Html Diff algorithm for .NET
MIT License
288 stars 83 forks source link

<ins class='mod'> without closing tag #20

Closed N0M3AD closed 3 days ago

N0M3AD commented 8 years ago

If i compare texts with special tags like "sup" which was added (or deleted), the differ adds an ins-tag without closig it.

Here is a simple UT, that shows this behavior

        [Test]
        public void WrongResultWithSpecialTag()
        {
            const string oldText = @"<div class=""dumb"">Thiis a text without any sup-tags and other special things</div>";
            const string newText = @"<div class=""dumb"">Thiis a text <sup>1</sup>without any sup-tags and other special things</div>";
            var expectadText = @"<div class=""dumb"">Thiis a text <sup><ins class='diffins'>1</ins></sup>without any sup-tags and other special things</div>";
            Debug.WriteLine("Old text: " + oldText);
            Debug.WriteLine("New text: " + newText);
            Debug.WriteLine("");
            Debug.WriteLine("Expected Diff: " + expectadText);
            var result = new global::HtmlDiff.HtmlDiff(oldText, newText).Build();
            Debug.WriteLine("");
            Debug.WriteLine("Actual Diff: " + result);

            //The Result is "<div class=""dumb"">Thiis a text <sup><ins class='mod'><ins class='diffins'>1</ins></sup>without any sup-tags and other special things</div>"
            Assert.AreEqual(expectadText, result);
        }
GBriotti commented 5 years ago

I have noticed similar behavior.
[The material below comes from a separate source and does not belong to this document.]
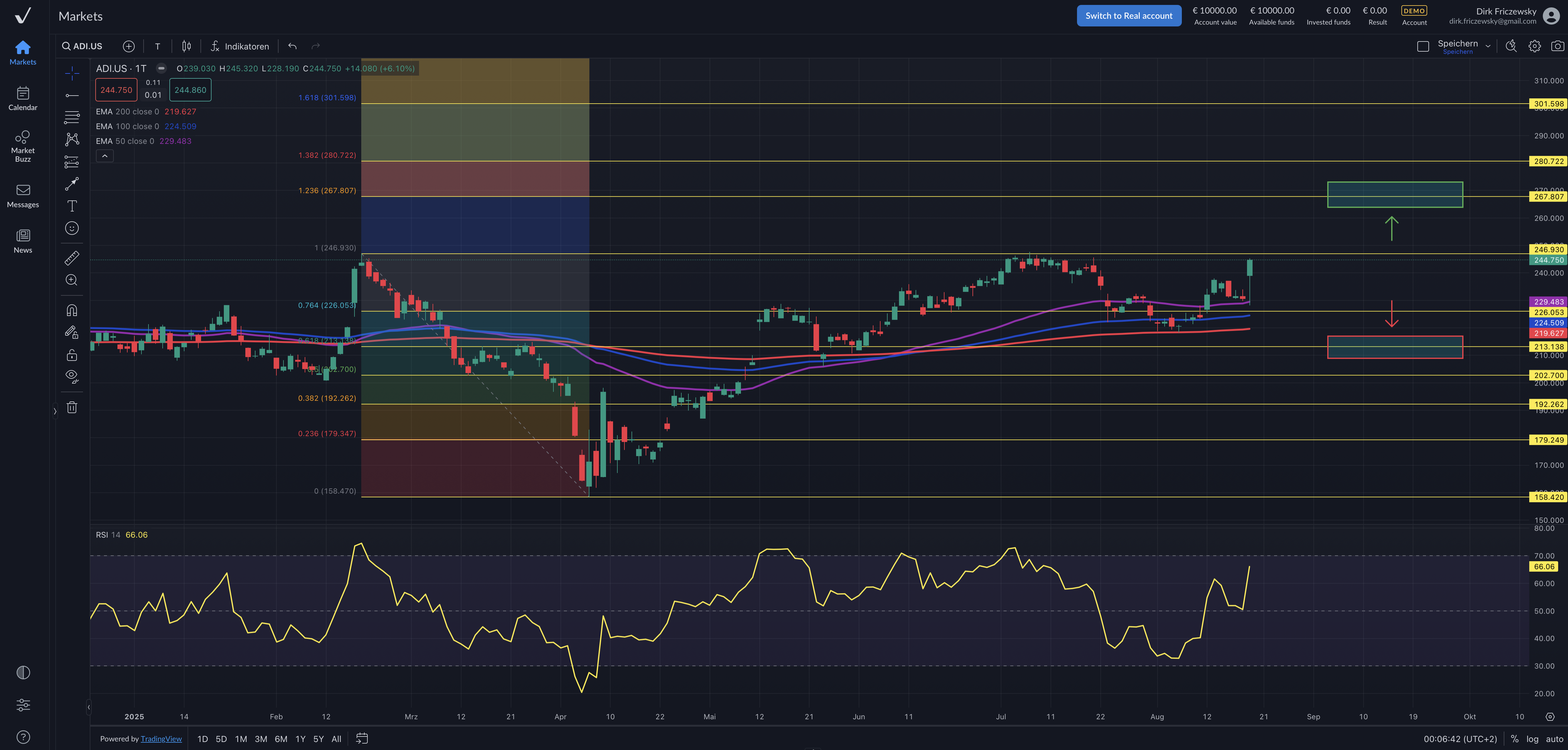 Analog Devices – aktuelles Zahlenwerk treibt an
I don't know if it is related to this (wrong) regexp in Uitls.cs:

private static Regex openingTagRegex = new Regex("^\\s*<[^>]+>\\s*$", RegexOptions.Compiled);

that match both opening and closing tag or to the problems of stack...

PhilippRiegelmann commented 2 weeks ago

I believe I have encountered a similar problem when inserting an additional word at the end of a newly formatted text. I have developed a possible solution, set a PR (https://github.com/Rohland/htmldiff.net/pull/61) and in additional tests tried to check as many edge cases as possible that I could think of with this problem. I have also added your problem described above as a test case, although I believe that an opening <ins class=‘mod’> was missing from your expected result.

Rohland commented 3 days ago

Thanks - this is closed by #62 - version 1.5.0 should be available on nuget (if not, shortly after indexing).